Consider this: you are a civil society organisation that advocates for better protection of rights. You do that by carrying out research activities, launching campaigns and petitions, or releasing public statements that propose policy initiatives. Your funding comes from individuals, business donors and diverse grant making organisations, registered both in and outside of the EU. Because you also receive funds from countries outside the EU, if the Defence of Democracy (DoD) is adopted, anything you publish might be considered as an attempt to influence public opinion, and therefore you will need to register in the “foreign interest representative” registry. This label might stigmatise your organisation. This will affect your ability to seek and receive resources, because your funders may not want negative perception. To make things worse, professional lobbyists, who actually do influence decision makers and public policy directly, may find it pretty easy to circumvent these rules to conceal the origin of their funding and go under the radar: they can easily register a company within an EU member state (e.g. in Estonia it can be done rapidly and fully online) and channel their funds through an EU company, so it will not fall under foreign interest representation anymore. 

This is a likely scenario in case the European Commission is to adopt a “foreign interest representative” registry under the DoD package, with a broad and vague scope, encompassing a range of organisations, including those from civil society or academia.  



Unequivocal and narrow definitions are needed as a necessary precondition for assessing the impact of policy options 

Only after a strong call from civil society for a fully-fledged impact assessment, the Commission launched a consultation on different policy scenarios prior to releasing the DoD. However, it has not clearly defined the declared object of the proposed interventions – namely, what is interest representation carried out on behalf of third countries, which seek to influence policy, legal or decision-making processes in the EU. This has made it difficult to answer many questions in the consultation that ask stakeholders to provide practical examples of how these activities take place and their potential problematic impact. Considering that the proposed package will affect fundamental rights, the proposal must approach any solution with the nuance necessary to ensure that restrictions to freedoms are legitimate, proportionate, and necessary in a democratic society. 

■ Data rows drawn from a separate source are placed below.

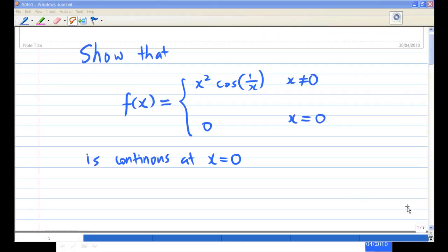For this recording, I'm going to show you how to prove that the function f(x) equals x² cosine of (1/x) for x not equal to zero, and f(0) equals zero for x equals zero, is continuous at the point x equals zero.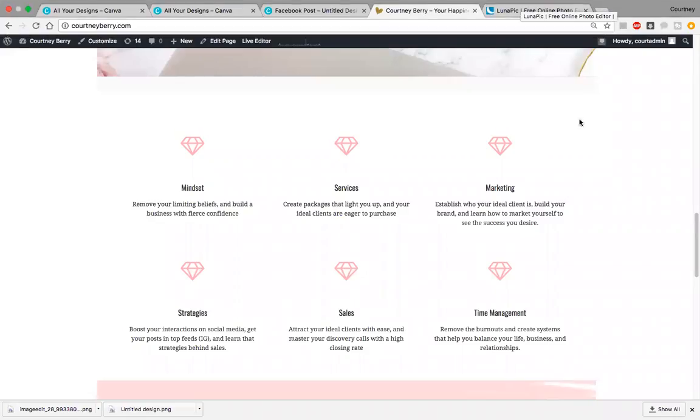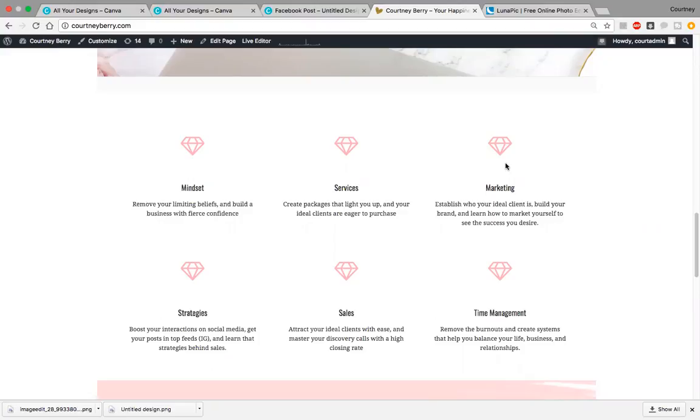For today's training, we're on my website. If you're anything like me, you're constantly losing these little pieces in your branding images. We're going to create a transparent version of this diamond image so that you can use it in your graphics.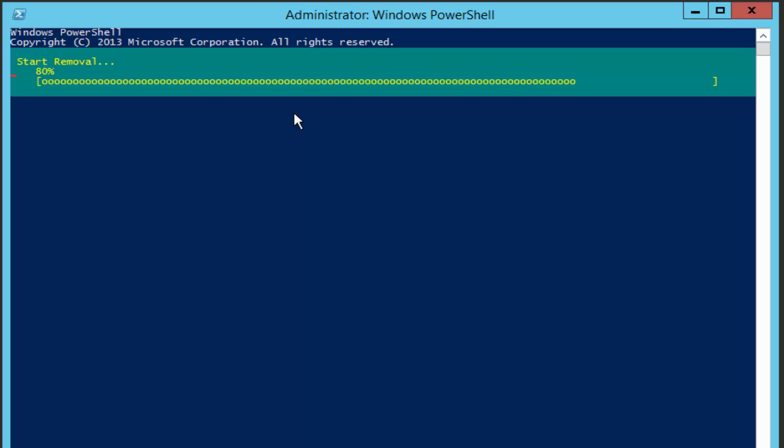We need to keep in mind there are some roles that are not available in Server Core. So if we have those roles already installed, we might not be able to convert to Server Core, or those roles might not function properly after conversion. For example: Active Directory Federation Services, the Application Server, the Fax Server, the Network Policy and Access Services, the Remote Desktop Services, the Volume Activation Services, and Windows Deployment Services are not available in a Server Core installation. So we just need to double-check what roles are currently installed before we convert to Core.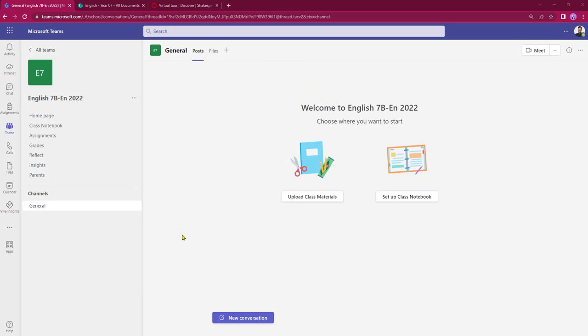In this video I'd like to take a look at how we can create announcements within the conversation area within Microsoft Teams.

The Commission has not provided evidence of actual and concrete threats to EU democracies to underpin their proposed policy options and impact on fundamental rights in case they adopt it. It is also unclear why the proposed options have an exclusive focus on foreign influence from third countries only in order to shield “ourselves from malign interference”. “Malign interference”, which is already a dangerously overbroad definition in and of itself, may originate from activities of entities both outside and inside the EU and can take many forms. In addition, policies that replicate all or part of the “foreign influence” law models have proven harmful consequences for CSOs. We have seen this in a variety of countries globally. One of the worst problems with “foreign agent/foreign influence” laws is their flawed underlying premise that foreign funding is automatically linked to foreign interference. This is fundamentally untrue. Moreover, it leads to inevitable stigmatisation, which is especially problematic in the case of CSOs, whose good name is their key asset. 

A different approach is needed

  • It is important to develop a crystal-clear and narrow definition of "interest representation." 
  • Regulatory initiatives must be risk-based and consider specifically what impact these will have on the rights of freedom of association, expression, and participation. 
  • Measures must consider what is the proportionate response to that risk, including special considerations for the civil society sector. 
  • Transparency requirements should take into consideration the right to privacy. This is especially crucial for members of CSOs in sensitive environments, and equally so for donors who support organisations championing causes like LGBTIQ rights and anti-corruption.